足利豎学会の教養としての技術が何を指しているものなのか、まずそれを明確にするために芸術と比較してみます。技術というと最近では科学技術(technology)のことを念頭に置く人が多いかもしれませんが、足利豎学会で扱うのはより広い意味をもつ技術(technic)です。

一方、芸術はアート(art)であり、この芸術(art)も広い意味を有しています。実は、語源を辿ると技術(technic)と芸術(art)はもともと同じものを指す語だったのです。

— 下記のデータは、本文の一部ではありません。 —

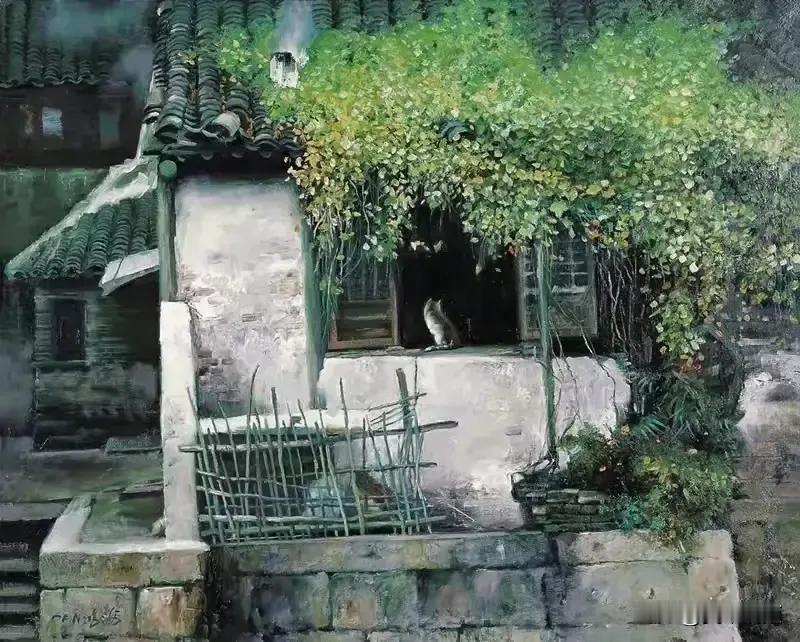 潘鸿海的油画风景之作，不管是清晨时分的山村、黄昏之际的海滩，亦或是深夜里的树林，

技術(technic)は古代ギリシア語の「techné(古代ギリシア語表記ではτεχνη)」に由来していますが、芸術(art)は「techné」に対応するラテン語である「ars」に由来します。「techné」ないし「ars」はもともと「自然」に対する「人工」を指していました。

しかし、同じ起源を有する技術(technic)と芸術(art)は、近代における科学技術(technology)の登場によって分かれることになります。科学技術(technology)によって「人工」の力が増していくにつれて、それまでの芸術(art)は特に美術や音楽などの芸術的創作を指すようになりました。一方で、技術(technic)は「人の手による技術、技法」を広く指す語として残りました。

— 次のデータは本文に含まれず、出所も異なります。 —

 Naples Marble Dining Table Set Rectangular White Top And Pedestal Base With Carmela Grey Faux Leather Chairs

これらを踏まえて、足利豎学会では、技術(technic)は広く「実用あるいは文化事のための人の手による技」のことを指し、芸術(art)は絵画や音楽など、美を求めて表現された創作のことを指すこととします。技術(technic)には、英語などの言語や茶道・華道などの文化道が含まれます。

 

技術を修める意義

技術を教養として修める意義を一言でいえば、「他者との違いをお互いに理解するためのきっかけ」になるということです。宗教について直接話をすることは憚られるかもしれませんが、技術として現れているものについて、その意味や考え方などを聞くことは容易です。

例えば言語の違いからは、外国の人との考え方の違いを多く見つけることができます。「What makes you happy?」は直訳すれば「何があなたを幸せにするのか?」となりますが、日本語でこのような聞き方は一般的ではなく、「どういう時に幸せを感じるか?」「どうしたら幸せになれると思うか?」といった聞き方が自然になります。

この違いの背景には、英語では主語と目的語を明確にして「~する」と作用の関係を明示する傾向にあるのに対して、日本語では作用の関係や主語を曖昧なままにし「~になる」という語を好んで用いる傾向がある、ということが考えられます。

このような違いは、言語だけでなく、茶道や華道などの文化事を通して、また日常生活の様々な所作や、その他の技術についても同様にいえます。

昨今では外国語翻訳を自動で行う機器なども発達してきましたが、日本語と外国語の思考様式の違いを考えると、そのような機器だけでは伝えられない、また理解することのできない側面は依然として残ることでしょう。他者との相互理解を深めるためにも、技術を修めることが必要となります。

 

教養としての技術を修める方法

技術は実用あるいは文化事のための人の手による技を広く指すものであるため、個別の技術に応じて適した修養方法を採ることが求められます。ただし、実践的な修養と必要な知識の習得が基本的な方法となります。

教養としての技術で取り扱う内容は、特に限定されるべきものではありません。先に挙げた文化道や言語の他にも、服飾に関するものや料理なども技術として含まれます。

重要なのは、他者と語らい合うきっかけとなる教養を身につけることであり、またそのために技術の習得に専心していくことなのです。